It seemed absurdly sanguine to suggest turning a poverty-stricken, famine- and sickness-ridden ex-colony into a bridgehead of prosperity within twenty years. Why, there wasn’t even a university, not even a major technical school—nothing better than a privately financed business school in Port Mey from which the government already skimmed the cream of the graduates.

Of course, they did claim that all the country’s male children acquired a minimum of literacy and numeracy, and a grounding in English as well as one other of their country’s tongues. And there was no disrespect for education in Beninia—they were even shorter of truants than of teachers. Eagerness to learn might make up for a good few deficiencies in other areas.

Might
 …

Sighing, Norman gave up worrying. The exclamation-mark shape of Beninia might twist on the map into an imagined question-posing curl, but that was in his mind. The facts were in the real world, and he was acutely aware how he had systematically isolated himself from reality.

*   *   *

He said as much to Chad Mulligan, on one of the increasingly rare occasions when he was at home long enough to spend a few minutes in talking. The sociologist’s heart had not proved to be in his intention to debauch himself to his grave; habit unweakened by three years in the gutter had dragged him back into familiar patterns of study and argument.

His response to Norman’s remark began with a grimace of disgust. “What you’re up against, codder, is the intractability of the outside world! Okay, I sympathise—I have the same trouble. I can’t keep enough liquor in my guts to rot them the way I planned. Before I pass out, I throw up! So what’s making you so angry with Beninia, hm?”

“Not the country itself,” Norman sighed. “The fact that nobody seems to have noticed this weird anomaly of a whole nation sitting on the edge of a political volcano and hardly getting singed.”

“With a volcanic eruption in progress, whoinole is going to take time out and wonder about folk who are getting on with their ordinary business?” Chad grunted. “Why don’t you save the guesswork until you’ve been there and seen for yourself? When are they sending you over, by the way?”

“Directly the project is finalised,” Norman said. “Elihu and I are going to present it to President Obomi together. Another three or four days, I guess.” He hesitated. “You know something?” he continued. “I’m scared of what I’m going to find when I actually get there.”

“Why?”

“Because…” Norman tugged at his beard with awkward fingers. “Because of Donald.”

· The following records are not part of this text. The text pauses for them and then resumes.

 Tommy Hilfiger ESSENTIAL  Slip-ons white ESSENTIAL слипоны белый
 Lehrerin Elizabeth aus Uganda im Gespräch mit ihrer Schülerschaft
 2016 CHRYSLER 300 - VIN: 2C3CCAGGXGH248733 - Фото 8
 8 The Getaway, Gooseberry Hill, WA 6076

“Whatinole does he have to do with it? He’s off the other side of the world.”

“Because I shared this apt with him for years, and always thought of him as a neutral kind of guy, leading a rather dull easy-going life. Not the sort of person you’d form strong opinions about. And then all of a sudden he told me he’d been responsible for the riot I found myself caught up in—down the lower East Side. I told you about that, didn’t I?”

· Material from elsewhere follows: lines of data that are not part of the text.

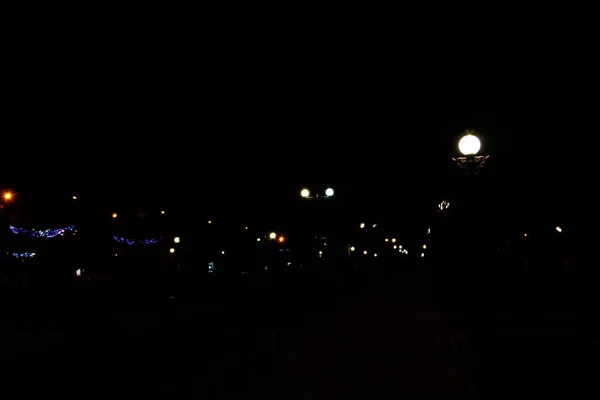 Geceleri Parktaki Parlak Sokak Fenerleri — Stok fotoğraf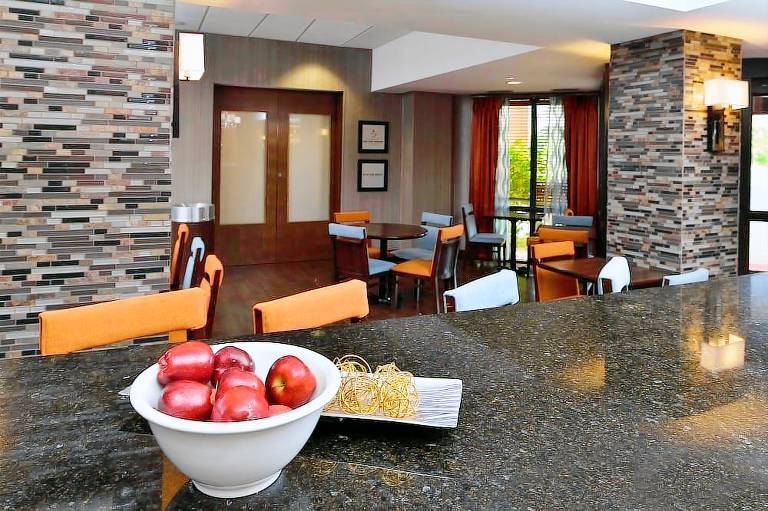 Hampton Inn Chicago Carol Stream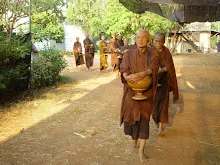 พท+สมณะบิณฑ์ที่งานชุมนุม (59).JPG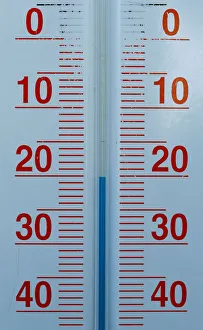 Weather Prints: Thermometer is pictured on top of highest German mountain, the Zugspitze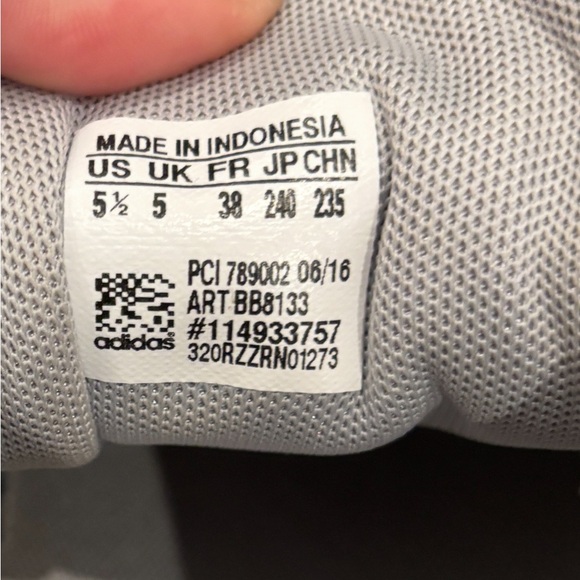 Adidas Super J Sneakers. Men’s 5.5 - Picture 5 of 6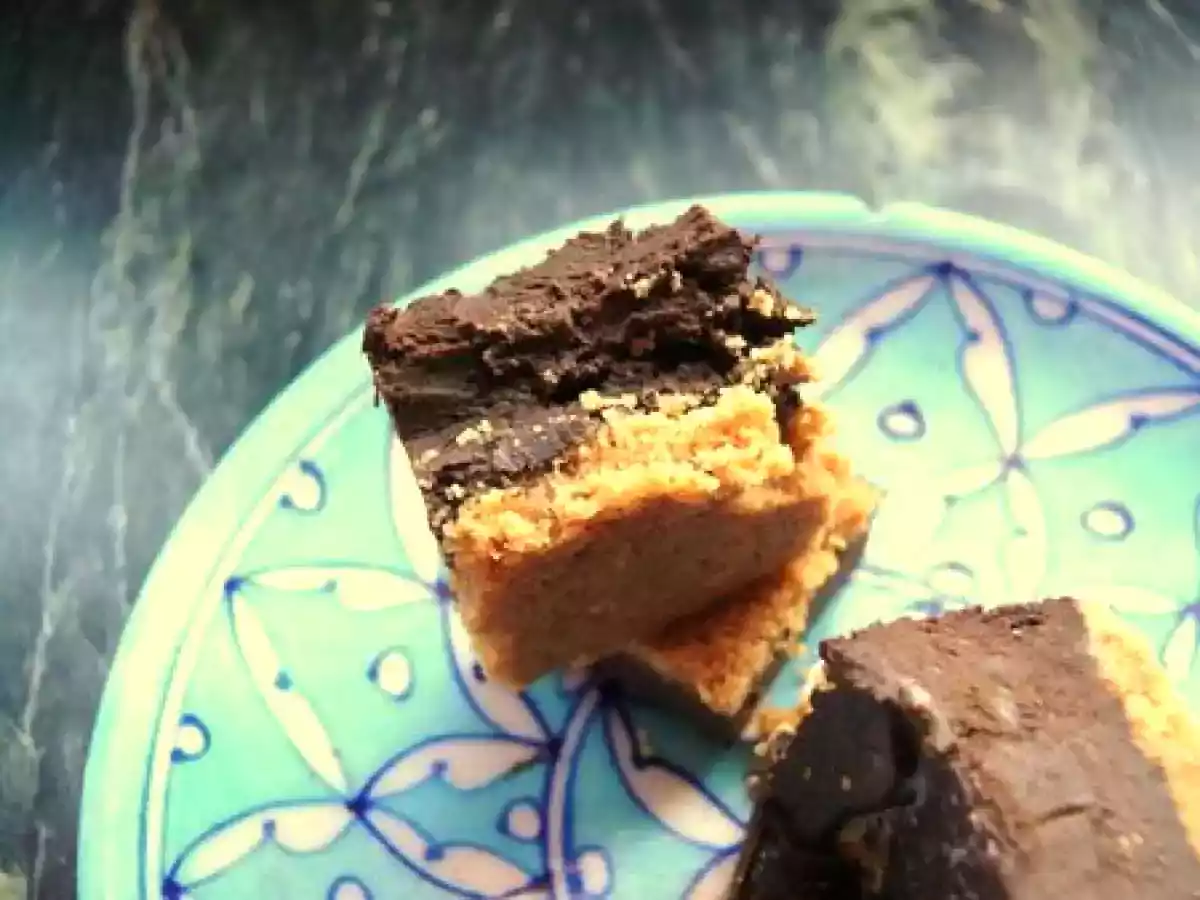 Carrés Ganache chocolat noir- lait de coco- Pâte de cajou....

“You talked about it at Guinevere’s party. So did a lot of other people.” Chad shrugged. “Of course, to claim responsibility for starting a riot is arrogant, but I see what you’re setting course for. You mean you’re wondering whether the Beninians are set up the same way he was, capable of starting something disastrous when they blunder out into the big scene.”

“No,” said Norman. “I’m wondering whether I’m the one who’s ignorant and apt to trigger a disaster.”

context (17)

FEELING THE OVERDRAFT

“Yes, my name’s Chad Mulligan. I’m not dead, if that was going to be the subject of your next silly question. And I don’t give a pint of whaledreck about what you called up to say to me, even if you are from SCANALYZER. If you want me to talk I’ll talk about what
I
want to, not what you want me to. If that’s acceptable plug in your recorders. Otherwise I’m cutting the circuit.

“All right. I’m going to tell you about the poor. You know where to look for a poor man? Don’t go out on the street like a sheeting fool and pick on a street-sleeper in filthy clothes. Up to a few days ago the man you picked on might have been me, and I’m worth a few million bucks.

“And you don’t have to go to India or Bolivia or Beninia to find a poor man, either. You have to go exactly as far as the nearest mirror.

“At this point you’ll probably decide to switch off in disgust—I don’t mean you, codder, taking this down off the phone, I mean whoever gets to hear it if you have the guts to replay it over SCANALYZER. You out there! You’re on the verge of going bankrupt and you aren’t paying attention. I don’t suppose that telling you will convince you, but I’m offering the evidence, in hopes.

“A codder who lives the way I’ve been living for the past three years, without a home or even a suitcase, isn’t necessarily poor, like I said. But free of the things which get in the way of noticing the truth, he has a chance to look the situation over and appraise it. One of the things he can see is what’s changed and what hasn’t in this brave new century of ours.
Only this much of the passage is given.